Every day at LTS, our work is focused on the delivery of safe and innovative technologies, that are positively welcomed by patients and can be readily adopted by our pharma partners.
With extensive experience in this space, we know that APIs can present certain challenges, such as low bioavailability and GI-tract related side-effects. In response, we can work together with your API to develop formulations that have the desired characteristics in terms of stability and bioavailability. We will transform your formulations into effective and commercially viable therapies via alternative dosage forms, whether optimized for transdermal, topical, oral or nasal delivery.
Our staff of more than 150 product and technical development specialists are based at dedicated LTS R&D centers in Germany and the USA. They are organized into focused project teams with an average of 15+ years’ experience in the development of drug delivery formulations, and each with a multi-disciplinary skillset across analytics, excipients, formulation, skin permeation, and scale-up.

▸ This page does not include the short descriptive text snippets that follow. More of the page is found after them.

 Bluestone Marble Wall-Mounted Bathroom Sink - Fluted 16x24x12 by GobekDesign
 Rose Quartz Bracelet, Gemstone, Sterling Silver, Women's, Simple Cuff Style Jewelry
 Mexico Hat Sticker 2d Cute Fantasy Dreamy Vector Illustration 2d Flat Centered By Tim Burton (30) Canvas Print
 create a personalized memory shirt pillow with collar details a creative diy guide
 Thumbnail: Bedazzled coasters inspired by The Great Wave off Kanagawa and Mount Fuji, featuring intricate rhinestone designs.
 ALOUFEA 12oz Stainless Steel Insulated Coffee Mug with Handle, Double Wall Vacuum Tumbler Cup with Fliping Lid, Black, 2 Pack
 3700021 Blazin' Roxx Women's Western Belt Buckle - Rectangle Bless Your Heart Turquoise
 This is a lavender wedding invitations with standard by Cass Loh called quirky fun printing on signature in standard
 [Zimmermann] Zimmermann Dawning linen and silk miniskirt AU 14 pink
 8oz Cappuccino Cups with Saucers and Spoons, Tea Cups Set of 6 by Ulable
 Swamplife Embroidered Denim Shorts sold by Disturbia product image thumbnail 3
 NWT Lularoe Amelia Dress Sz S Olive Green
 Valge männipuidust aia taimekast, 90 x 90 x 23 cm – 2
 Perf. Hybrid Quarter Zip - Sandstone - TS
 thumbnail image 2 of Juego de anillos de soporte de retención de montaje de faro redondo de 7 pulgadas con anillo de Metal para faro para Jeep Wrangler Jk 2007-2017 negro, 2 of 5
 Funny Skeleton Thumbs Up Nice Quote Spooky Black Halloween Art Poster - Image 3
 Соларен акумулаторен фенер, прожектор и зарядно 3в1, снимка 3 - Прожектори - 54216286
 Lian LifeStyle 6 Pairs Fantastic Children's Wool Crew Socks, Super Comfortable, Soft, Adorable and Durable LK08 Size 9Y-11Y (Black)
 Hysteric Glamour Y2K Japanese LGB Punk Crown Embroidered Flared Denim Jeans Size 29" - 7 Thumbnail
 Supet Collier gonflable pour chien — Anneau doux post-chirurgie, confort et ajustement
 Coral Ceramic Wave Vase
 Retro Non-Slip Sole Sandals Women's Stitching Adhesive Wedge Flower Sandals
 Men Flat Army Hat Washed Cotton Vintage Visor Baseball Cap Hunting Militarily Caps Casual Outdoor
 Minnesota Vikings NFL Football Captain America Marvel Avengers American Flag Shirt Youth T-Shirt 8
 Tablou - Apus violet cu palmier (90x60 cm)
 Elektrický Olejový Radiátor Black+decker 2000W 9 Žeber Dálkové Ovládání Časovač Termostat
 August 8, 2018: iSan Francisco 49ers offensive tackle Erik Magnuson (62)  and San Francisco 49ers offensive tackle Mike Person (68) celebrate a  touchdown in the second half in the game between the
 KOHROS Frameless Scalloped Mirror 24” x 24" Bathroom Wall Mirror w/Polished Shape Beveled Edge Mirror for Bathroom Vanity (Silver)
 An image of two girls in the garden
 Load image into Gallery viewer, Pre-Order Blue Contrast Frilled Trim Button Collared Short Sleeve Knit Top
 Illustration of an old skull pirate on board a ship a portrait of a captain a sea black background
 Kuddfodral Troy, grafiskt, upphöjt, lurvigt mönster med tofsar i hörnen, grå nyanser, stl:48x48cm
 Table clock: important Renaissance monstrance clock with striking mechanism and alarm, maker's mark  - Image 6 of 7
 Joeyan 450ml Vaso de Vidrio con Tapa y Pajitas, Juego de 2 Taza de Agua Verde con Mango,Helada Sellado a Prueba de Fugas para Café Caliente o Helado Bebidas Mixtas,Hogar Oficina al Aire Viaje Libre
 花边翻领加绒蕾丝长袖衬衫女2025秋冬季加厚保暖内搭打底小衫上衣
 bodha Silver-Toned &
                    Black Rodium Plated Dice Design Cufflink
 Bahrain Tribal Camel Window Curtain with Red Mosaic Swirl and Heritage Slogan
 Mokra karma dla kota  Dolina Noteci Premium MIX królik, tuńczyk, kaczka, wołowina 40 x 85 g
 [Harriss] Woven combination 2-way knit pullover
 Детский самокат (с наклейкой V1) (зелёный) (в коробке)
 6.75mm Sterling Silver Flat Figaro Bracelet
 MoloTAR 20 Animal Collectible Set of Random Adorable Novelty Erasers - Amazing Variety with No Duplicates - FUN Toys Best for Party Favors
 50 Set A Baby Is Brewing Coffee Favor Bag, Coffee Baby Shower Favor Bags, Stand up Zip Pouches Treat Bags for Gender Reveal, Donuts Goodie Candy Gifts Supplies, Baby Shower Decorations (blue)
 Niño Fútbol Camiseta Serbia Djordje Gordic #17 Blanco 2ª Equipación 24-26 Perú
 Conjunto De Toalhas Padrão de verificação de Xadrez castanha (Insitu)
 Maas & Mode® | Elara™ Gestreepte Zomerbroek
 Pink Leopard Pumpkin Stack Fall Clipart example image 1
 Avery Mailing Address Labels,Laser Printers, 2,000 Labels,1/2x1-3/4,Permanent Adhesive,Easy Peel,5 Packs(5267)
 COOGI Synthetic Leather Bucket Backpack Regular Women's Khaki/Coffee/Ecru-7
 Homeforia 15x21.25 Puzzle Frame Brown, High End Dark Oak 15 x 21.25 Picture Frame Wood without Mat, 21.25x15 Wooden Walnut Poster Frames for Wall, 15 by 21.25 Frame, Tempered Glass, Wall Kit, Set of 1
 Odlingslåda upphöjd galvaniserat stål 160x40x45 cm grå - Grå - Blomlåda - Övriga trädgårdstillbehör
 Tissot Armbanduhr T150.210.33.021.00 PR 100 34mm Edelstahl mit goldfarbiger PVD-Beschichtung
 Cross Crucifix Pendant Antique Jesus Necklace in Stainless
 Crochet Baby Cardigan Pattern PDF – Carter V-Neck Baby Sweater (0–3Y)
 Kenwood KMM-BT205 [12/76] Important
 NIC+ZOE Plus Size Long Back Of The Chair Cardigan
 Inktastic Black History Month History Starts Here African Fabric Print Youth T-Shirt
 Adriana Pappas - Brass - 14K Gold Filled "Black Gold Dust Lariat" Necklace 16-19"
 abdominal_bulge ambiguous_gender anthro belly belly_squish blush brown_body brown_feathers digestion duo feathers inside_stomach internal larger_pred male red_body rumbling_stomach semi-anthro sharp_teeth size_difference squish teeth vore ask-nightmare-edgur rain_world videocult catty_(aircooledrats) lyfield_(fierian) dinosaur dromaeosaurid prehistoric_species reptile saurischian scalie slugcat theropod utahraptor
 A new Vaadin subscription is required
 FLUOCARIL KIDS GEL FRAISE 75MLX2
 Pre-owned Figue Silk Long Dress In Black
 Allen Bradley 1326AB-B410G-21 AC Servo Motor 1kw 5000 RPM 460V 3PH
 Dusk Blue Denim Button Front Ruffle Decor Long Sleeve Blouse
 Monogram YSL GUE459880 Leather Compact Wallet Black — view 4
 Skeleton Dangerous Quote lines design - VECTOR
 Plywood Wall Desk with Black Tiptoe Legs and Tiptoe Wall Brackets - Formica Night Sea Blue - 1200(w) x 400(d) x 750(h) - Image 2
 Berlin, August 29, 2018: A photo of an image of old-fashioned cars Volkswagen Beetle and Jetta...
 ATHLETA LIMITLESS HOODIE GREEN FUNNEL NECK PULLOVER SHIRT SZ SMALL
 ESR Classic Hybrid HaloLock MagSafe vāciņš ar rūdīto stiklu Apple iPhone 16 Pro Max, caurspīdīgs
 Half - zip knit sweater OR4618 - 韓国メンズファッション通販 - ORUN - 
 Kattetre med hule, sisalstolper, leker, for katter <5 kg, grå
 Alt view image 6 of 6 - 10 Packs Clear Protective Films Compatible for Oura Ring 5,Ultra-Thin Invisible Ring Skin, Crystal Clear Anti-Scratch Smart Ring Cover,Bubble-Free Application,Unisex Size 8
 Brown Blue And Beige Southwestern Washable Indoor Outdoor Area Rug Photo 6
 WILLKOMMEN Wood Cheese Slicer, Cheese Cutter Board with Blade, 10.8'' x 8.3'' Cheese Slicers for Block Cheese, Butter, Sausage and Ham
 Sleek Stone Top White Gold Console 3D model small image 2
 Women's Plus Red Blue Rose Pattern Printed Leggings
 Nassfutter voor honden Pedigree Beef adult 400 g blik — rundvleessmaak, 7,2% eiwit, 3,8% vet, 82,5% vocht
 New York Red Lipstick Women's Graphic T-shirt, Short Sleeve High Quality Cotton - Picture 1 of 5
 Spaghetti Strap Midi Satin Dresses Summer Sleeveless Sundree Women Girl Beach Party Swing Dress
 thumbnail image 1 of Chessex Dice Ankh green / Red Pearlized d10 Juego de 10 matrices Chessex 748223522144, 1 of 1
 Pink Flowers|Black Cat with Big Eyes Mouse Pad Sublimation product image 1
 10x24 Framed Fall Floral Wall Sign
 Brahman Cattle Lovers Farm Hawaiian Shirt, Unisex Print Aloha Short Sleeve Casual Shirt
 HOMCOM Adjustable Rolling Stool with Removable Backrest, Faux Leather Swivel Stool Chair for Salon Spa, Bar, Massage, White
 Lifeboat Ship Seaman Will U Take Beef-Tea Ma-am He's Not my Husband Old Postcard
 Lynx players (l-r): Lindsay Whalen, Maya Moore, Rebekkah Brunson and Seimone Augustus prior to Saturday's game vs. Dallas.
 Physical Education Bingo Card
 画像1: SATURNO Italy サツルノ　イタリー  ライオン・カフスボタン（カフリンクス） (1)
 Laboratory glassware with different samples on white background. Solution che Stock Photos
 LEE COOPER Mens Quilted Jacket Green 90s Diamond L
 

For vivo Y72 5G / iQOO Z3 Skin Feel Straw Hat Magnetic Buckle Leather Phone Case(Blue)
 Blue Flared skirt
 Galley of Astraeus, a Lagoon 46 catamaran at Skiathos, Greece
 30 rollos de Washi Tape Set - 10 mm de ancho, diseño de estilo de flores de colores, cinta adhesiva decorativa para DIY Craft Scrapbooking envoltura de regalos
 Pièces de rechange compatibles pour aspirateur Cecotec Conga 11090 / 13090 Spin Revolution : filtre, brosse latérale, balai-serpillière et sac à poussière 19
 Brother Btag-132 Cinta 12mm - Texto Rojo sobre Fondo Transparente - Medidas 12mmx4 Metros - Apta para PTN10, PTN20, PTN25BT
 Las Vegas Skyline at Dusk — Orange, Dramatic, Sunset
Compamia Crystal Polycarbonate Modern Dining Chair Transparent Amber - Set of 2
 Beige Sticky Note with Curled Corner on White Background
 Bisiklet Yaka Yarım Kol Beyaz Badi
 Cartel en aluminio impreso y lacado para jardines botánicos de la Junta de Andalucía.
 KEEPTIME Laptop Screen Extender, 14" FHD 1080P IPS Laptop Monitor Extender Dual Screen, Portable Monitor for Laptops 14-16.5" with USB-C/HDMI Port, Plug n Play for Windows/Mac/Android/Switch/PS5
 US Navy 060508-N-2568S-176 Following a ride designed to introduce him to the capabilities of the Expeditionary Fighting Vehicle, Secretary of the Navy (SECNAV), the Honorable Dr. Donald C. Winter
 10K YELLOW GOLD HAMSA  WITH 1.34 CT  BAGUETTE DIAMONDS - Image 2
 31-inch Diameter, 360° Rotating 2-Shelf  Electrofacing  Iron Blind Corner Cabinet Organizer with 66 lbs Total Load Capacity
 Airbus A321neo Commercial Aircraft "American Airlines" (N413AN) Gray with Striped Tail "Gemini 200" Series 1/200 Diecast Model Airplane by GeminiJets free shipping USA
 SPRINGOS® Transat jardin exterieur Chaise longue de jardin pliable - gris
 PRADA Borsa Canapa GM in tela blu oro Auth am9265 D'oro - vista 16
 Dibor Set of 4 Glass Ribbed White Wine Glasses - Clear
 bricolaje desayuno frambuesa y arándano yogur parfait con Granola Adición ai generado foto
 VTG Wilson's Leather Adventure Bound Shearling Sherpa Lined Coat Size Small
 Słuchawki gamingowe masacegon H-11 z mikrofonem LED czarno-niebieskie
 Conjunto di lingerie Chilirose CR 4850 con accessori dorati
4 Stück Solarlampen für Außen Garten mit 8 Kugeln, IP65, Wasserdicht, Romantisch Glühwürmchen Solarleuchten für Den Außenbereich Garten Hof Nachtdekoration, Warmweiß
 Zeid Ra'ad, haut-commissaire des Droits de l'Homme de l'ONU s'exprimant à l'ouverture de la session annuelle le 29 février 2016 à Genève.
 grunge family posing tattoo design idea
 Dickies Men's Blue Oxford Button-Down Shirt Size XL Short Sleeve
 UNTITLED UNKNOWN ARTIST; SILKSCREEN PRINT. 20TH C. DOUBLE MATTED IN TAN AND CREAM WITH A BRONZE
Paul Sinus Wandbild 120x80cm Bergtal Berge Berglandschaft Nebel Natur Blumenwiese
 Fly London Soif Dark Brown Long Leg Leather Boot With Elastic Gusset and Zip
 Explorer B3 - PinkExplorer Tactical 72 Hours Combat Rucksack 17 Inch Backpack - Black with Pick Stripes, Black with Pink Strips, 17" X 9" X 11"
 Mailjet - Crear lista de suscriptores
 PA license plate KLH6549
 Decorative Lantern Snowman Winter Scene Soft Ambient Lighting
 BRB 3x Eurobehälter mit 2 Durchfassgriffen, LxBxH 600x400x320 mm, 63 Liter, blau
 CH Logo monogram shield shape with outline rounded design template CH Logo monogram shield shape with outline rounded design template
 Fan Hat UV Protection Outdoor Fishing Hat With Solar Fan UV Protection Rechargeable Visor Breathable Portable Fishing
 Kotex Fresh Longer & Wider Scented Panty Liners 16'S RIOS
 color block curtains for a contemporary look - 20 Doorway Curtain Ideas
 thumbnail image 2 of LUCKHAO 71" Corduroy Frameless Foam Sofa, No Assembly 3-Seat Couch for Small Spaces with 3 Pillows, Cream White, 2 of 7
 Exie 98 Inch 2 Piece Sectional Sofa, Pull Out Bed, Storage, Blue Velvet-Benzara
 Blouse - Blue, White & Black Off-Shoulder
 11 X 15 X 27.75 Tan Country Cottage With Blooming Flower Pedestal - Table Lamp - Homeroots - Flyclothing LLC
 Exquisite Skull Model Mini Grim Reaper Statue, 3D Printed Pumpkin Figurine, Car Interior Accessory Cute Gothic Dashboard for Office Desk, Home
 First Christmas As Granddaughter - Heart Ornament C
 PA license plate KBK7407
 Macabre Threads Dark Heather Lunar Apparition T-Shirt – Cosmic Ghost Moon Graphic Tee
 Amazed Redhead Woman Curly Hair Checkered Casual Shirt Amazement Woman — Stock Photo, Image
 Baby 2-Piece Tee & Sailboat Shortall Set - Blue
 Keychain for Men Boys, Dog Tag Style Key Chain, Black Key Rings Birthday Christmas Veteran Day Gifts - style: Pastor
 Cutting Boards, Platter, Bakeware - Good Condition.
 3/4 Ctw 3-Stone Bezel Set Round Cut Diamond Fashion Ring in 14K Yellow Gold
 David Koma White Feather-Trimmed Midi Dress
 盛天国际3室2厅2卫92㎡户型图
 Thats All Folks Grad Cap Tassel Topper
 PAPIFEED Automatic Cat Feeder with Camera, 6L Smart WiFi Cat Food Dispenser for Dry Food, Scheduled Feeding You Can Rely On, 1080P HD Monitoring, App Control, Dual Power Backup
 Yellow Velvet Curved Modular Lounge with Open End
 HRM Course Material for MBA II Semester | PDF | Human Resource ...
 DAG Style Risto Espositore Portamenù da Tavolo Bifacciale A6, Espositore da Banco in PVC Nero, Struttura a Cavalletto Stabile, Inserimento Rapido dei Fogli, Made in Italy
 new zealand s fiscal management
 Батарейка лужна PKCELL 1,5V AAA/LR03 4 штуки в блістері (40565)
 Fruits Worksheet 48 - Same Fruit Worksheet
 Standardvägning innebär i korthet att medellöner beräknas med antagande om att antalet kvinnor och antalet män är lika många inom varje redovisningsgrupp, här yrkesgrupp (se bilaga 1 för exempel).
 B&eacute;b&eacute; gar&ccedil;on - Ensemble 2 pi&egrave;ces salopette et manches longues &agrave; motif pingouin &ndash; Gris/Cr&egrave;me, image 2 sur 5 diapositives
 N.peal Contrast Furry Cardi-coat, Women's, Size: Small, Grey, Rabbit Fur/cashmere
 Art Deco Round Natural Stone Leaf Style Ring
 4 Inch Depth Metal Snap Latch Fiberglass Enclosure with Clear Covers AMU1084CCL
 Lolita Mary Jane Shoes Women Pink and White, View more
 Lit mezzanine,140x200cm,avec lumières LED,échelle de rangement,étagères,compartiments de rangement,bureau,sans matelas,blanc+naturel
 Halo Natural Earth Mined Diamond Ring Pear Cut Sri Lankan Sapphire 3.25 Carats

These specialties support our capabilities in:
Feasibility studies
Formulation development
Stability testing
Clinical trial supply
Scale-up/process qualification
Nasal: LTS provides comprehensive end-to-end support for pharma partners capitalizing on the benefits of nasal drug delivery. Our recently expanded R&D laboratory in Lakewood, NJ, USA is complemented by a complete suite of clinical manufacturing services, enabling your project deadlines and development objectives to be met in full.
Our nasal services include:
Pre-formulation & formulation development
Analytical development and validation
Spray characterization method development and validation
Device selection
Process development and validation
Clinical trial material (CTM) manufacturing
Quality by Design (QbD) services
Lab scale / clinical trial material / scale-up support
On-site stability programs (ICH and custom)
Validation and regulatory support
Sterility testing
Reliability and in-vitro bioequivalence studies
Secondary packaging
Maintaining an excellent compliance record globally
The controlled-access areas within our R&D facilities feature formulation labs with specifically designed containments for handling high potency APIs, state-of-the-art analytical labs, and multiple walk-in stability chambers, including the infrastructure for controlled substances (DEA I-IV) handling. To facilitate fast, small-scale testing, we have developed a broad portfolio of transdermal, topical, nasal, oral film or microneedle formulation designs.
Clinical trial supplies and scale-up activities are conducted within our designated GMP area. When it comes to manufacture, the experience and expertise of our dedicated engineers ensure manufacturing equipment can be configured and customized to the individual needs of each specific client project.